- [TASK INSTRUCTIONS]:
The lines needed are those from the start of the records through the line holding "MAGNETI MARELLI 940113020060", each copied exactly.

DATA TO PROCESS: Begin

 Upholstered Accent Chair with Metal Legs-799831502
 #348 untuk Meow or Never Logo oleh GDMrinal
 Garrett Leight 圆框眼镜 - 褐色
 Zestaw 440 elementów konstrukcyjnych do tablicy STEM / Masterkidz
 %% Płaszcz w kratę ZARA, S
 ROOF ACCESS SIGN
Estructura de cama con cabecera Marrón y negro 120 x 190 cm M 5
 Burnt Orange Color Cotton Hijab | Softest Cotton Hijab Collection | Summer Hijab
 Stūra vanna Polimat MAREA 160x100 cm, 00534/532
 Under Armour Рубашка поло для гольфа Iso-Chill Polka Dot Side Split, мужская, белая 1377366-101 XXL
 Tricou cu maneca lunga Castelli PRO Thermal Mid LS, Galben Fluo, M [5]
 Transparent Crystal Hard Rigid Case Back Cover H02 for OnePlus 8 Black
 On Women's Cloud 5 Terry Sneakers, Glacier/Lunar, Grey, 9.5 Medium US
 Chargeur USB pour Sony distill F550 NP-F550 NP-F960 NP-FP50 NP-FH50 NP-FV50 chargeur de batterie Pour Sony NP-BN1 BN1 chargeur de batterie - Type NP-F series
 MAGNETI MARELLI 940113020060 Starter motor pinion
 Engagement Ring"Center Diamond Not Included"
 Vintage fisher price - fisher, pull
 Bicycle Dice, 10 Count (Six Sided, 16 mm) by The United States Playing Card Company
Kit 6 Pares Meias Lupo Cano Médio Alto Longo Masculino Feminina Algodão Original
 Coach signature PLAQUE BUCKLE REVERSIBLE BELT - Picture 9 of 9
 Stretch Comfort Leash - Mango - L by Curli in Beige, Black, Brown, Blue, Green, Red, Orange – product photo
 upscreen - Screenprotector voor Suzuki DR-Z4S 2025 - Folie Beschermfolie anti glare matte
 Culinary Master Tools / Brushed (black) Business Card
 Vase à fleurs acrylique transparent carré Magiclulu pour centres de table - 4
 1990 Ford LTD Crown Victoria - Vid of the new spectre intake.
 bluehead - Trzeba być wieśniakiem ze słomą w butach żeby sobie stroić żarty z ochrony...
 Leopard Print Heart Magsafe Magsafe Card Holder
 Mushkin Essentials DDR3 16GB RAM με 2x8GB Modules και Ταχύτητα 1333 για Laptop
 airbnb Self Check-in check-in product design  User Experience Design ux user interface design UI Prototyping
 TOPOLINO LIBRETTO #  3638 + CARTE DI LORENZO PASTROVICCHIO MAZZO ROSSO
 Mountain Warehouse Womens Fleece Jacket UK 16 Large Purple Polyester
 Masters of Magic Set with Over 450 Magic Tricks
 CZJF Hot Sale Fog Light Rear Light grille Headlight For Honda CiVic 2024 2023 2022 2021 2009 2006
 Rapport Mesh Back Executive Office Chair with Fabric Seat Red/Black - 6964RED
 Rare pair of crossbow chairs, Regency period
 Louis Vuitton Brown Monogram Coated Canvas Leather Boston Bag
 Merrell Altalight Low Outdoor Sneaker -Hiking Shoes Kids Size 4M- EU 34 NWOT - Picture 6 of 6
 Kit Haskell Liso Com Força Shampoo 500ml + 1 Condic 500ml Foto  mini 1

DATA TO PROCESS: End

- [EXERCISE ANSWER]:
 Upholstered Accent Chair with Metal Legs-799831502
 #348 untuk Meow or Never Logo oleh GDMrinal
 Garrett Leight 圆框眼镜 - 褐色
 Zestaw 440 elementów konstrukcyjnych do tablicy STEM / Masterkidz
 %% Płaszcz w kratę ZARA, S
 ROOF ACCESS SIGN
Estructura de cama con cabecera Marrón y negro 120 x 190 cm M 5
 Burnt Orange Color Cotton Hijab | Softest Cotton Hijab Collection | Summer Hijab
 Stūra vanna Polimat MAREA 160x100 cm, 00534/532
 Under Armour Рубашка поло для гольфа Iso-Chill Polka Dot Side Split, мужская, белая 1377366-101 XXL
 Tricou cu maneca lunga Castelli PRO Thermal Mid LS, Galben Fluo, M [5]
 Transparent Crystal Hard Rigid Case Back Cover H02 for OnePlus 8 Black
 On Women's Cloud 5 Terry Sneakers, Glacier/Lunar, Grey, 9.5 Medium US
 Chargeur USB pour Sony distill F550 NP-F550 NP-F960 NP-FP50 NP-FH50 NP-FV50 chargeur de batterie Pour Sony NP-BN1 BN1 chargeur de batterie - Type NP-F series
 MAGNETI MARELLI 940113020060 Starter motor pinion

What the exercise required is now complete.